Powers had the heavy money sack on his shoulder. When he tied it to Doolin’s saddle horn, the saddle canted to the side. ‘Bob’s a trifle displeased with you. He said you should carry this.’

‘Does he think that’s the dunce cap or something? Carrying away all the swag?’

‘I don’t know,’ said Powers. ‘I didn’t think to ask.’

Coming from the rear my horse stalled and stepped across the tracks like a sissy, so I was late getting in front of the locomotive. But I managed to raise my rifle up as Bob hustled the engine crew up to the cab. Broadwell heaved the sliding express door closed and Pierce brought Powers’s horse up by the reins.

Bob said to the engineer, ‘I calculate the MK&T lost about five minutes so you’d better hurry out of here if you want to hit Dallas on time.’ He stepped off the train onto the depot’s loading platform. ‘Oh, and when you get to the gantlet, slow up and have your firemen shovel off some coal. And don’t be too stingy about it or I might introduce you to serious trouble.’

Steam hushed and I saw the wheel eccentrics drop and then the five-foot drive wheels started to spin, the couplings gripped in a succession of clanks, and the coaches howled into sway.

Newcomb climbed onto the depot roof from his saddle and jinked along the peak until he found the porcelain insulators and the depot telegraph lines. Don’t know why he bothered about them. Maybe it was just meanness. The wires sprang away from his snippers and Newcomb hung by a gutter and dropped back onto his saddle; then he and Bob spurred their horses down the wooden stairs and along the creosote-painted ties behind the rolling train. The fat man in the checkered vest was shaking his fist from the last coach; the old black woman was stooped over at the siding dropping coal into a pail. It was as sweet a picture as you’d ever want to see and it did us no harm at all in that country to rob from the rich and give to the poor. That shovel of coal kept many on our side unto the very end.

The seven of us slept under yellow leaves that night. At five in the morning I sat up smelling coffee and I saw Bob walk up to each man and drop a jangling canvas sack into the leaves near his head. ‘You look like Santa Claus,’ I said.

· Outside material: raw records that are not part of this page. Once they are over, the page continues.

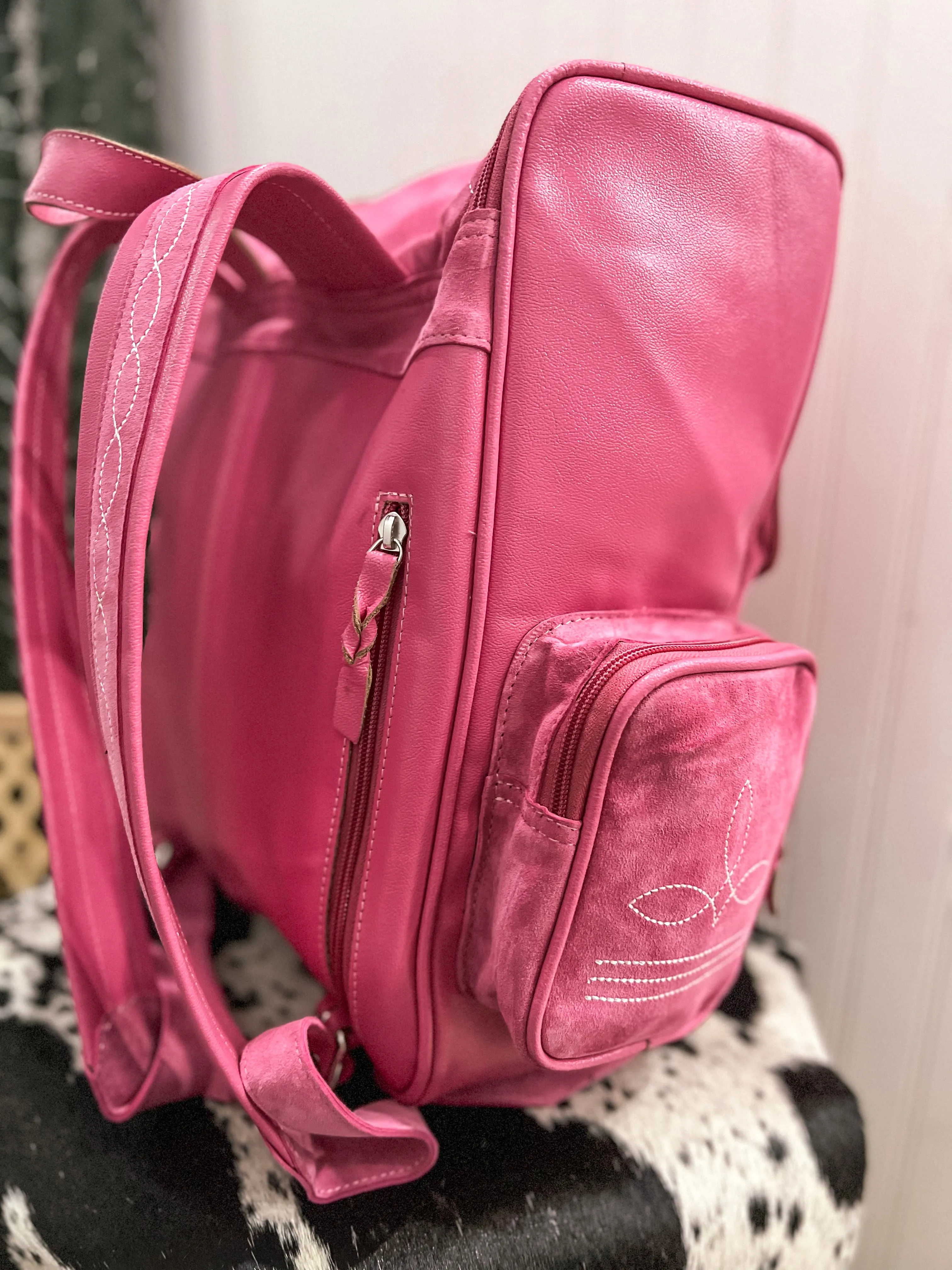 Boot Stitch Leather Backpack *Pink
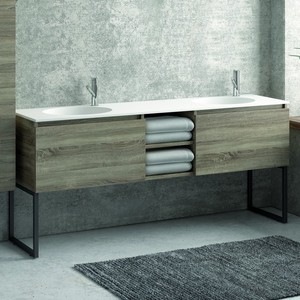 Set da Bagno Kamalu SP-175C 175cm con Mobile Doppio Lavabo, Due Specchi LED e Colonna - per il Tuo Spazio! - Product Image 2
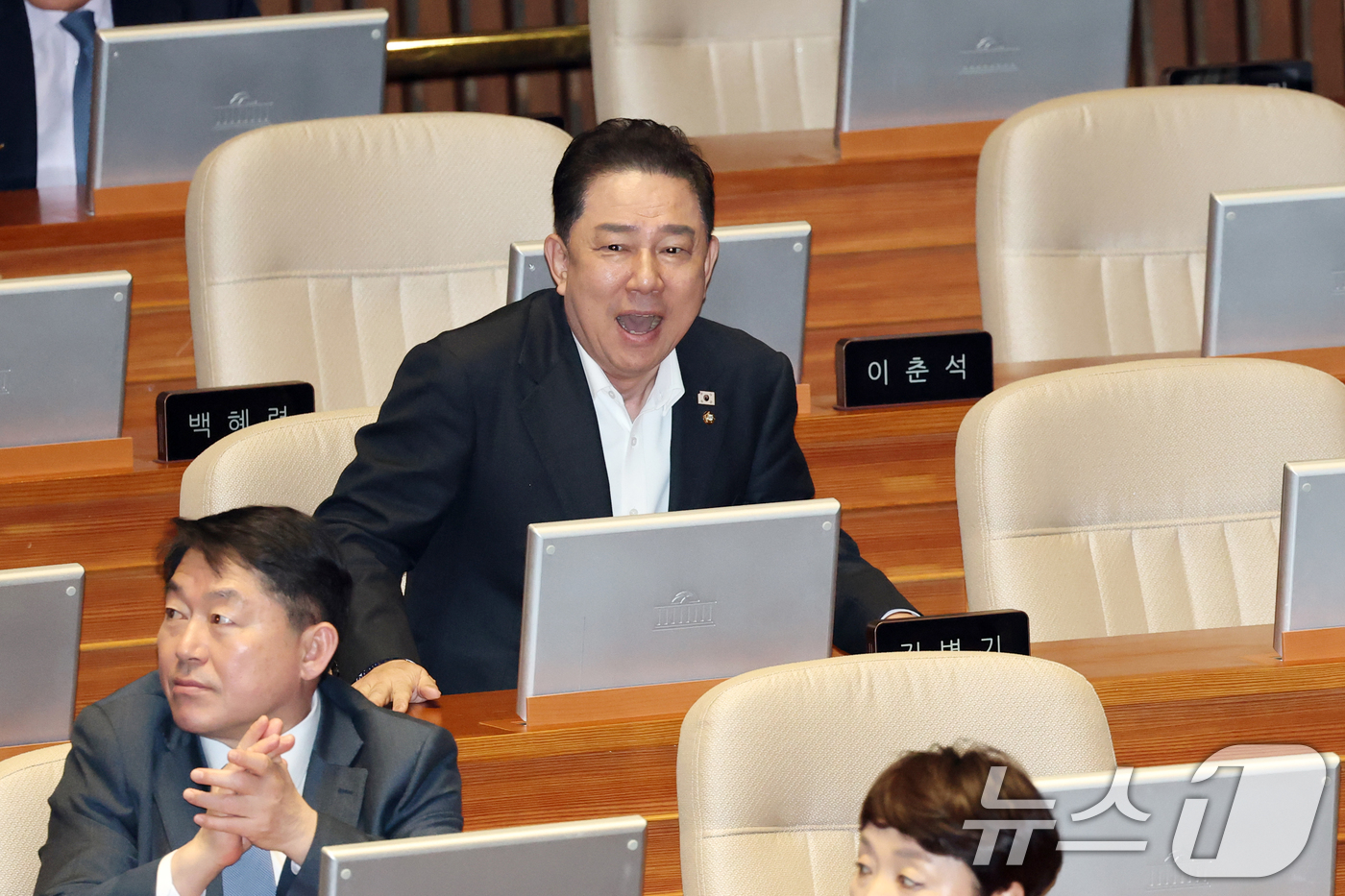 (서울=뉴스1) 이승배 기자 = 6일 서울 여의도 국회에서 열린 제434회국회(임시회) 제2차 본회의에 김병기 무소속 의원이 참석해 있다. 2026.4.6/뉴스1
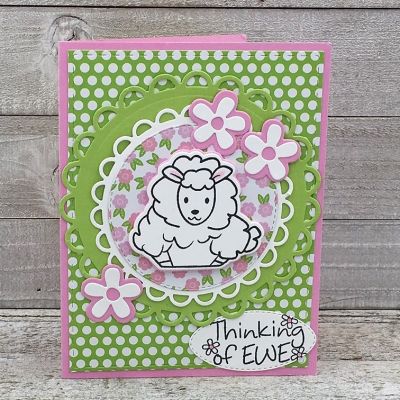 Thinking of Ewe
sheeppudgie13, TSOL Stitched Rectangle Dies, Sizzix Circles Scallop Circle Set, TSOL Stitched Ovals, TSOL papers and ink
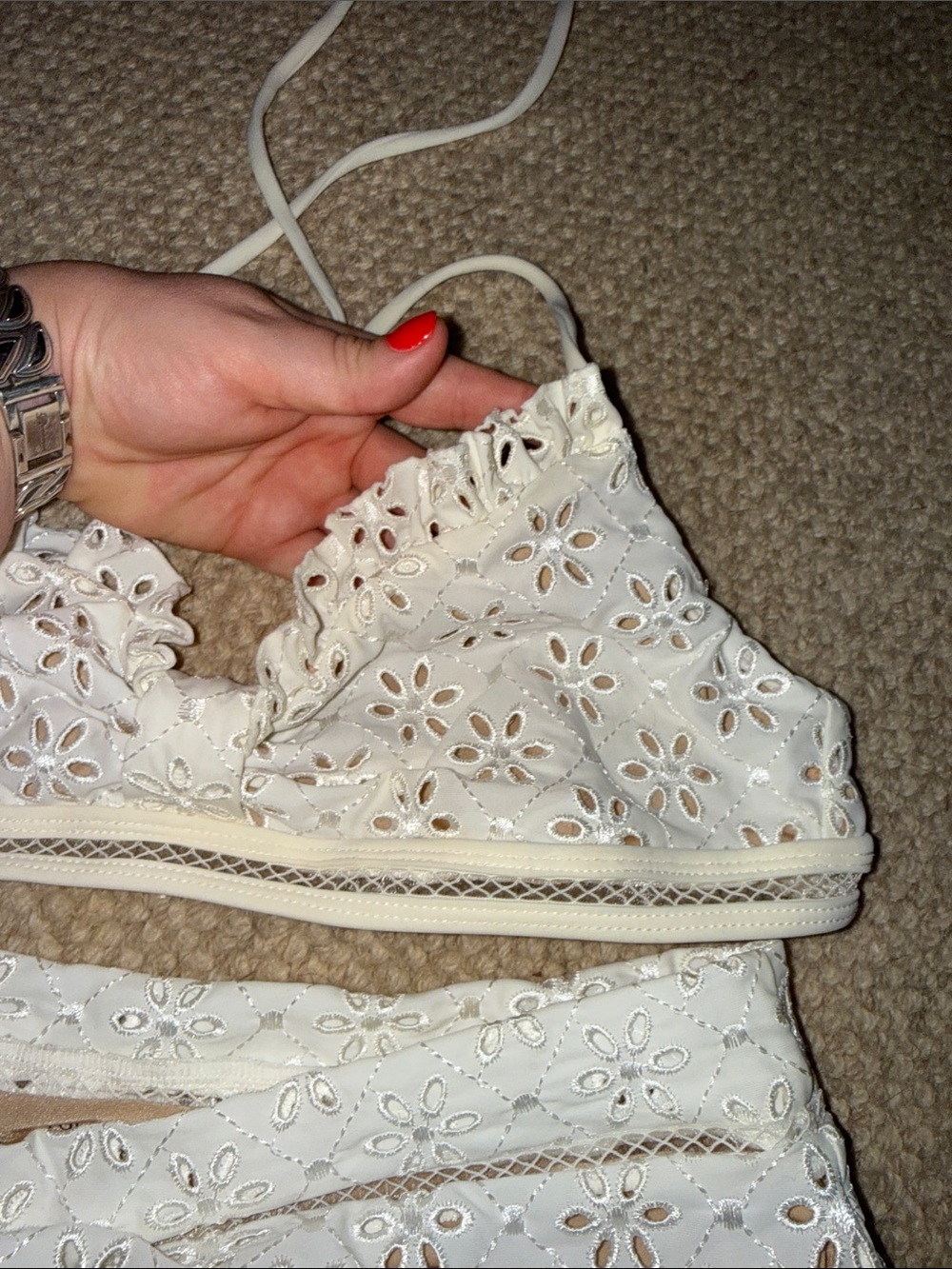 Tularosa White Eyelet Lace Bikini Set - Picture 3 of 5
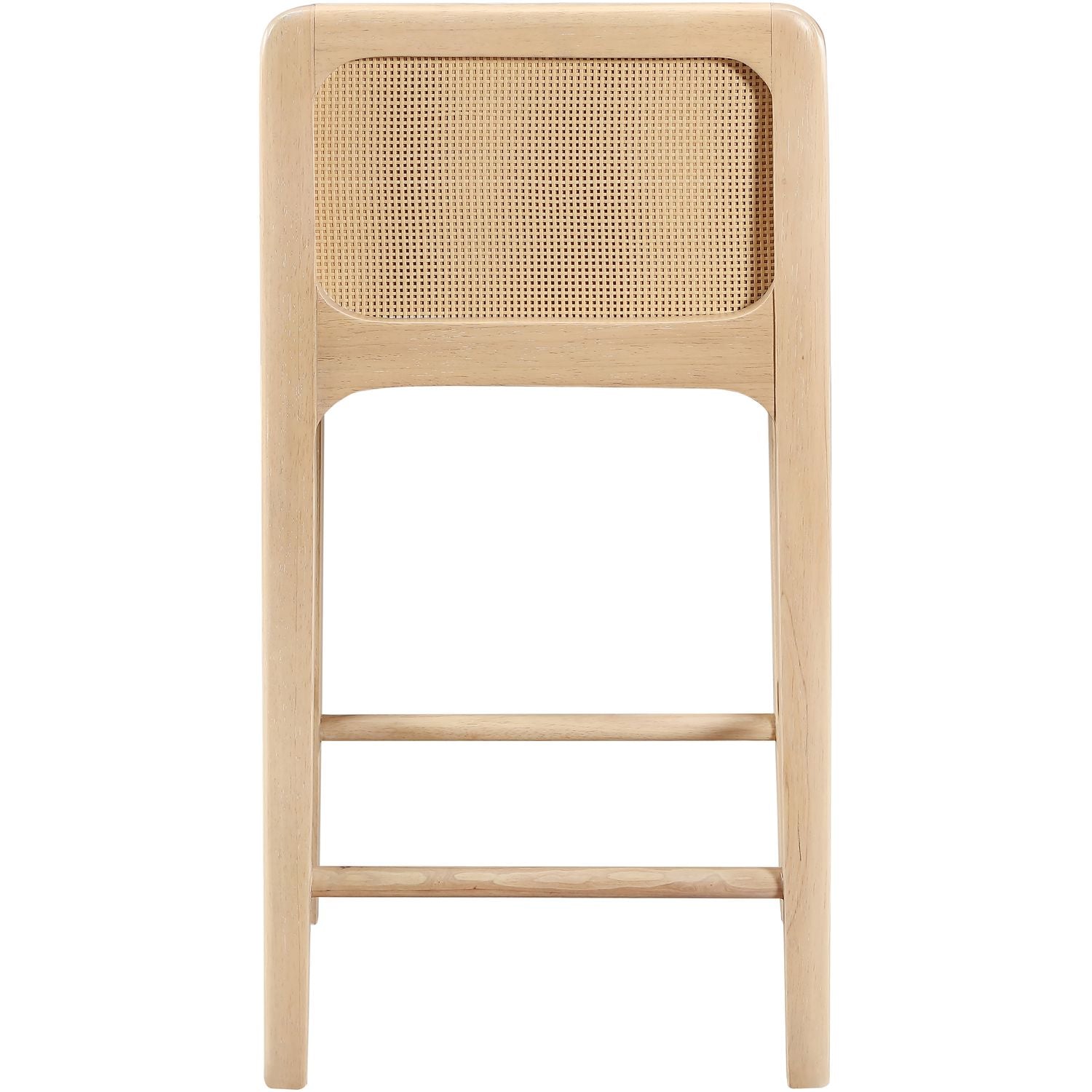 Ellis Cane And Vegan Leather Upholstered Counter Stool — Cream / Natural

He smiled. ‘I’ll divvy up with you later.’

I’ve said elsewhere the take was nineteen thousand dollars. I reckon it was closer to ten. Divided seven ways it would’ve come to almost fifteen hundred apiece, but Bob gave the five men of the gang not kin to him wages instead of shares: four hundred dollars for a night’s work.

Newcomb walked over to the fire and poured a tin cup of coffee and squatted to count the silver coins and paper money into his hat. ‘I can’t believe this, Bob!’

‘Believe what?’

Doolin kept his head on his saddle pillow and stacked the money on the leaves. He glared at Bob. ‘Where’s the rest of it, Dalton?’

‘That’s the arithmetic,’ said Bob.

‘But I carried that sack,’ said Doolin. ‘There must’ve been three thousand dollars just in silver!’

‘There was,’ said Bob. ‘And there’s also the sod house to supply and Bryant’s funeral expenses and implements and tools and payoffs to the local police, plus Jim Riley gets a little something for allowing us his property. You don’t give a thought to that.’